The reply to these inquiries has been, in part, anticipated by the preceding details. Lead and other mines are, however, found in several other sections of the western country. An extensive body of lead-ore is found near Prairie du Chien, on the west bank of the Mississippi, about five hundred miles above St. Louis. The ore is in the state of a sulphuret, is easily reduced, and yields about sixty-two and a half per cent. of metal. These mines are worked in an imperfect manner by the savages, the Sacs and Foxes, the original owners of the soil; and considerable quantities are annually brought down to St. Louis by the north-west traders. Lead-ore is also found on the river Desmoines of the Mississippi, where it was formerly worked by the French—on the Osage, Gasconade, and Mine river of the Missouri; on the White river and its tributaries; on the St. Francis; and on the Arkansas, where it is combined with a small proportion of silver. It is also found at Cave-in-Rock, Gallatin county, Illinois, accompanied by fluor spar; at Drennon's Lick and Millersburgh, in Kentucky; and on New river, at Austinville, in Wythe county, Virginia. At the latter place, it has been worked without interruption for nearly fifty years; and the mines still continue to be wrought. The ore is galena, accompanied by the carbonate of lead, and the earthy oxide of lead; the latter of which is worked in the large way, as is said, to a profit.
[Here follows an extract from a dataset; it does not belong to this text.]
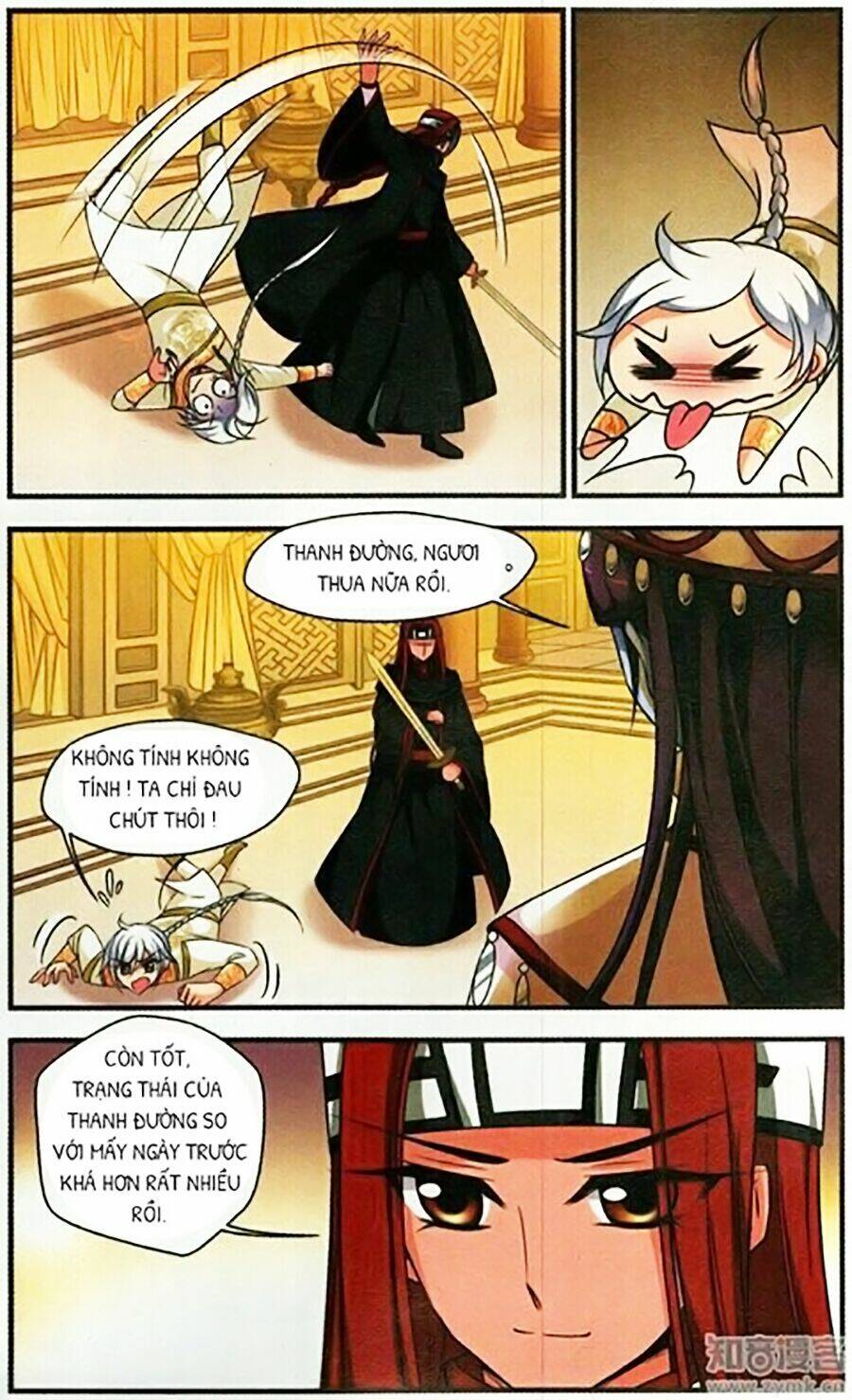 phi đãi nghiên tuyết chapter 132 14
Zinc is found in Washington county, Missouri, in considerable quantities; but only in the state of a sulphuret.
Copper has been found in small masses, in a metallic state, on Great Muddy river, and at Harrisonville, Monroe county, Illinois. A grant of land made to P. F. Renault, in 1723, at Old Peoria, on the Illinois river, specifies the existence of a copper-mine upon it; but the most remarkable bodies of copper which the globe affords, are stated to exist on the western shores of Lake Superior, and on the Upper Mississippi. It is found in the metallic state, but accompanied also, as is said, by the sulphuret and carbonate of copper. The ores stretch over a very extensive region, and have been traced as low as the falls of St. Anthony. There is, indeed, reason to believe that copper is disseminated from the west bank of Great Muddy river, in Illinois, in a north-west direction, to the western shore of lake Superior, as all the streams, so far as observed, which flow either north or south at right angles with such a line, afford traces of copper. Thus, the Kaskaskia, the Illinois and its tributaries, the St. Peter, Wisconsin, and the southern forks of the Wabash and Miami, all furnish specimens of copper, as well as lead, zinc, and iron. An attempt was made by President Adams to explore the copper-mines of the north-west; but I know not what success attended the undertaking. Considering the certainty with which all travellers, since the days of Carver, have spoken of the existence of these mines, with the daily concurrent testimony of traders from that quarter, and their great importance in a national point of view, it is matter of surprise that they have been so long neglected. Is not the present an auspicious time for authorizing a mission into that quarter, for the purpose of exploring its physical geography?